I don't know if Asparagopsis survives solely by advection, or if nutrients from the substrate or trapped detritus play a significant role in its growth. Its possible that Asparagopsis gets some nutrients from the sand or rock it grows over. Also, IMO Asparagopsis probably gets some nutrients from trapping detritus in its fine filaments. While manual removal no doubt sends small fragments all over the tank, once its well-establish IMO there is no reason not to manually remove it as frequently as you can.

In competetive control you offer a preferential environment for uptake in a vegetative filter - which means better water circulation and higher intensity light in the filter than in the tank. Even then, its a slow fight, IME. There may be other methods of control for Asparagopsis that work better than this, but this has been my main means of control for display tank algae, including Asparagopsis.

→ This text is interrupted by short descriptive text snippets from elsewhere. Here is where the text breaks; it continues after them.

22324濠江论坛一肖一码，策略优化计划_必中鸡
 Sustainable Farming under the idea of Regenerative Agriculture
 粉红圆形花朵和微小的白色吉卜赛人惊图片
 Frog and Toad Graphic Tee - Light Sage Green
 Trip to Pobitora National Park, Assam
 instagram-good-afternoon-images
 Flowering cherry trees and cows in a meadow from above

If you can tolerate a Diadema urchin in you tank, a combination of a Diadema urchin and a combtooth tang has worked best for me for general algae control. Diadema grazes the rock very hard, down to bare white carbonate. Combtooths like Koles then will work over the bare rock, rasping away detritus and new growths of algae. Eventually the rock does start to accumulate algae the Kole tang won't remove, but sooner or later the Diadema passes over that area again, scrapping it back down to bare bone. Diadema aren't entirely benign, I've had them start sampling coral as they get large and even had one occurence where a Diadema trapped a small sleeping fish and was eating it. They also knock off any small object that isn't solidly secured to the rock, and they grow large very fast. But, one heck of a grazer.

I don't have a reference or experience that boosting carbonate alk, hyposalinity, or hypersalintiy are effective for Asparagopsis. It doesn't mean that one of them isn't effective. Boosting carbonate alk may help slow down non-calcified algae by shifting production to calcified algae like coralines and Halimeda.